Quello hawaiano non è solo un massaggio, è un rito di rebirthing, pare di origine polinesiana, che tende a ripristinare l’equilibrio tra il corpo e la mente, come mi spiega dolcemente la mia sacerdotessa mentre rinasco dal lenzuolo.  

Sì, il rito magico del massaggio hawaiano è l’ultima frontiera del piacere fisico che ultimamente mi concedo, conscio degli innegabili vantaggi che si riverberano sulla mia tormentata psiche. E proprio ieri, mentre gestivo la claustrofobia del mio bozzolo esotico in attesa dell’armonia promessa, ho focalizzato la vera causa dell’infelicità umana.

Il genere umano non si tocca abbastanza o lo fa a sproposito.

Sono note le terapie del contatto per animali, neonati, bambini autistici o sordociechi. Ma di noi adulti apparentemente abili, ne vogliamo parlare con franchezza?

Se non subiamo la nostra quotidiana dose di contatto fisico ci corichiamo insoddisfatti e a lungo andare, senza averne piena contezza, consolidiamo insoddisfazione, frustrazione e quindi infelicità.
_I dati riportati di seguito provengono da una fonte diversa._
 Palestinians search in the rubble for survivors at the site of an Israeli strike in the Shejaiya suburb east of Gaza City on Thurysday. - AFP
Insomma sottovalutare lo stress da mancata palpatio sarebbe un grave errore e allora, nel dubbio, facciamoci toccare.

E se nei dintorni non disponiamo di volontari? Ce li compriamo. Investiamo nel nostro benessere e facciamoci toccare e massaggiare almeno una volta alla settimana. Il diritto ad essere toccati dovrebbe assurgere a rango costituzionale, come il diritto universale al sesso.
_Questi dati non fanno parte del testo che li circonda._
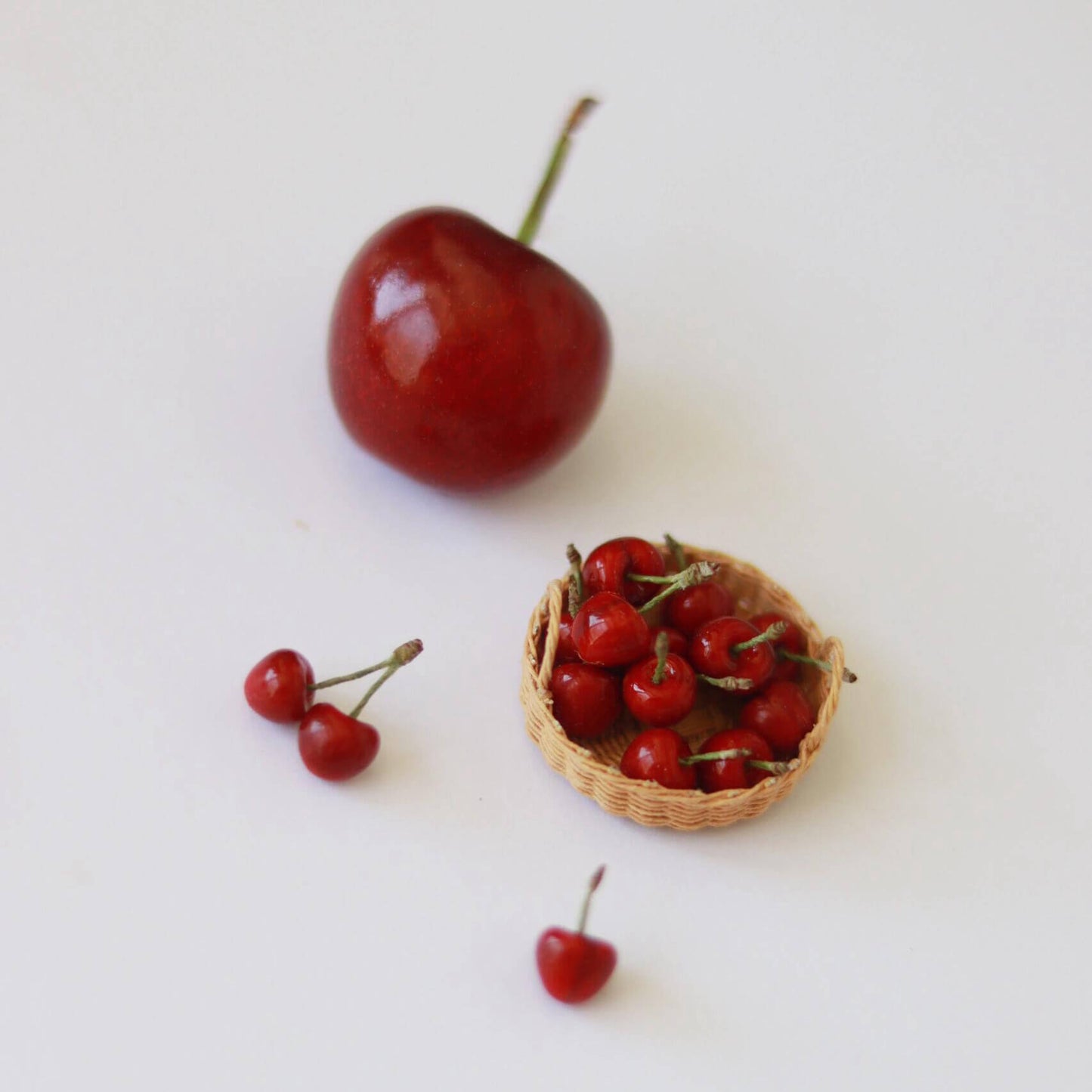 Miniature fruit cherry for a dollhouse. Miniature fruit cherry made of clay. Miniature fruit cherry in 1/6 scale can be used in doll kitchen, doll grocery store, doll food, collection, diorama decoration. Size: 0.5cm / 0.2in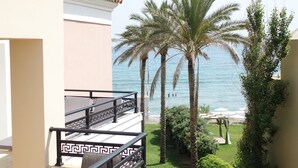 A balcony with a view of the sea, palm trees, and a tiled floor. - Alexandra Beach Hotel (Chania)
Durante un viaggio siciliano di qualche tempo fa, una buffa ospite americana ci confidò che il suo ultimo desiderio prima di andarsene a causa delle diffuse metastasi, era quello di essere furtivamente toccata da un italico malandrino. Un clichè che mio suocero, nella sua  irresistibile umanità, ritenne di esaudire palpandole improvvisamente il culo durante un bagno in mare in un caldissimo mezzogiorno agostano.  Il ricordo della gioia disegnata sul volto di quella donna palpeggiata ancora mi accompagna, insieme all’ammirazione per l’indomito e generoso palpatore.